◆ Records supplied ◆
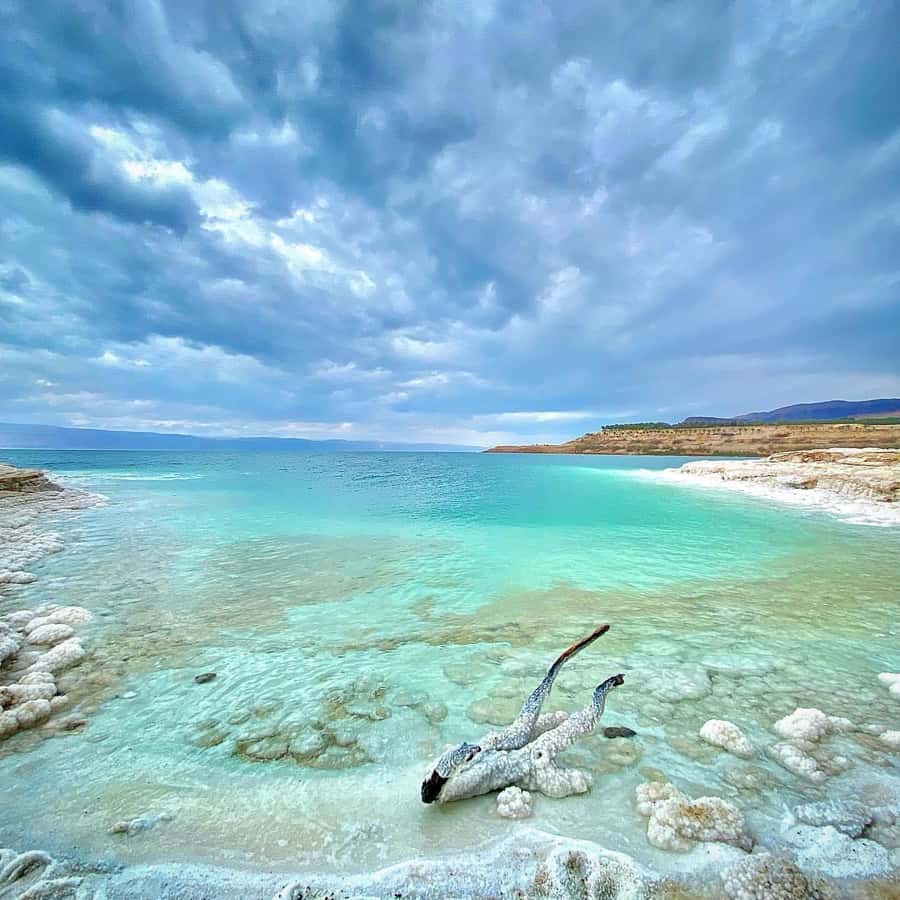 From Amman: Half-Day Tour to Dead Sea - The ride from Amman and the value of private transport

---

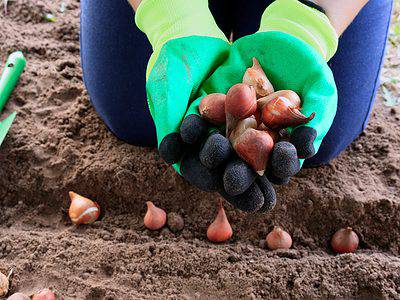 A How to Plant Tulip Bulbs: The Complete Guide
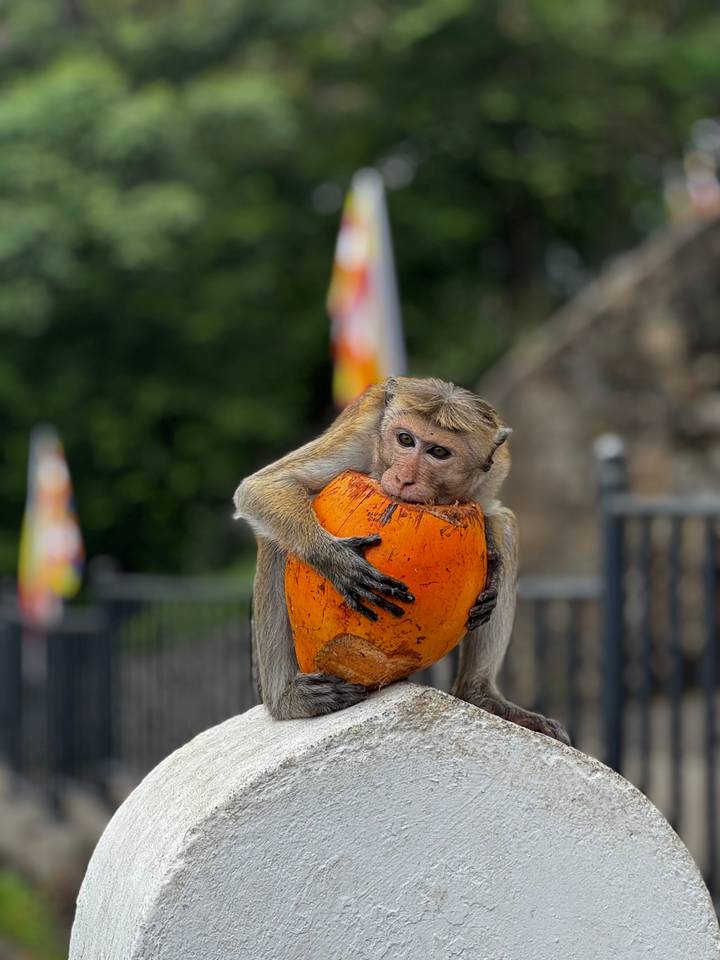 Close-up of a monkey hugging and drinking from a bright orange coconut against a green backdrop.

...

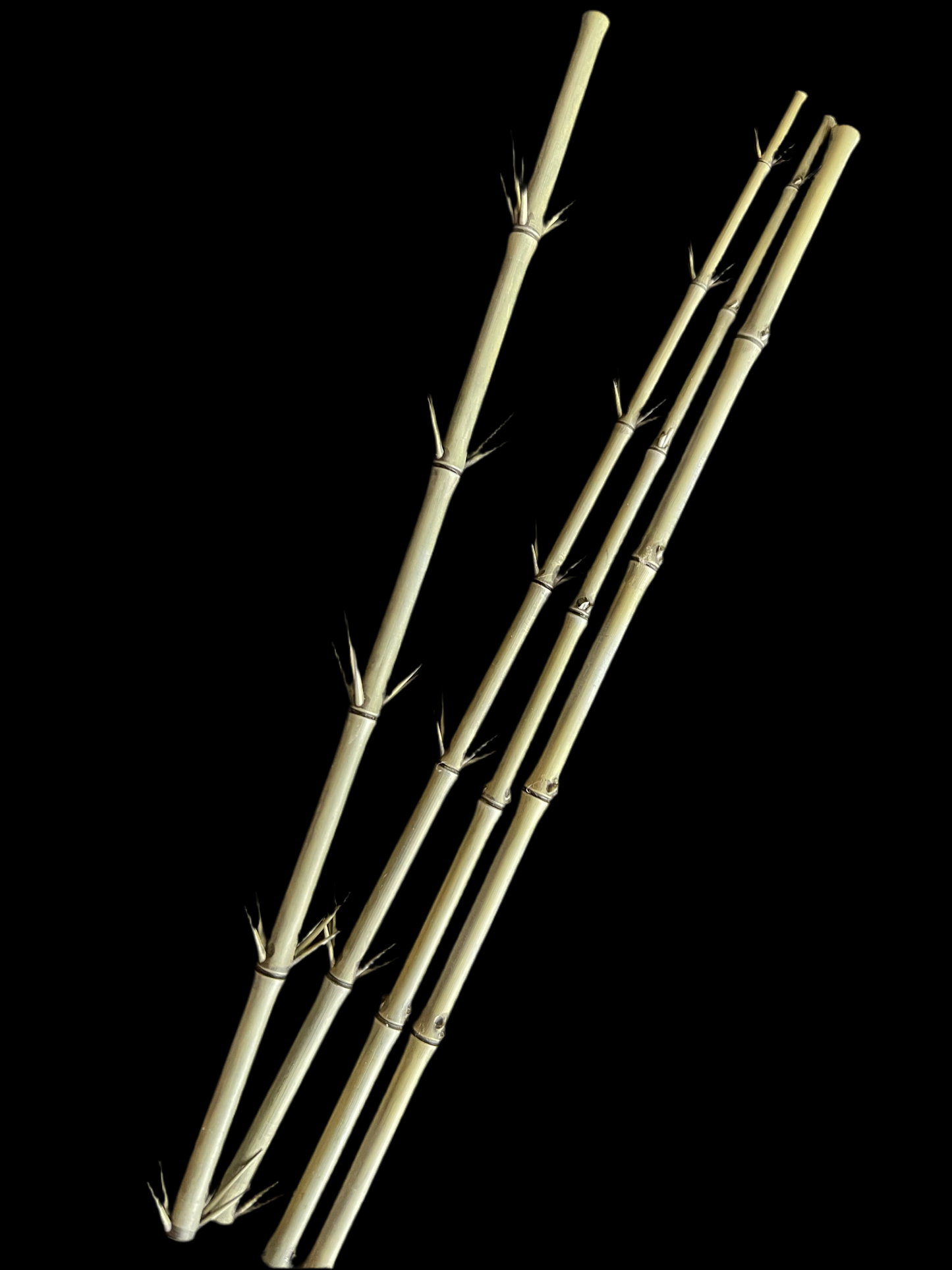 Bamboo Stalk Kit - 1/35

◆ Task description ◆
Beginning with the line above that contains "A How to Plant" and finishing with the line that contains "Close-up of a", print those lines exactly and only. Skip all pictures.

◆ Answer space ◆
 A How to Plant Tulip Bulbs: The Complete Guide
 Close-up of a monkey hugging and drinking from a bright orange coconut against a green backdrop.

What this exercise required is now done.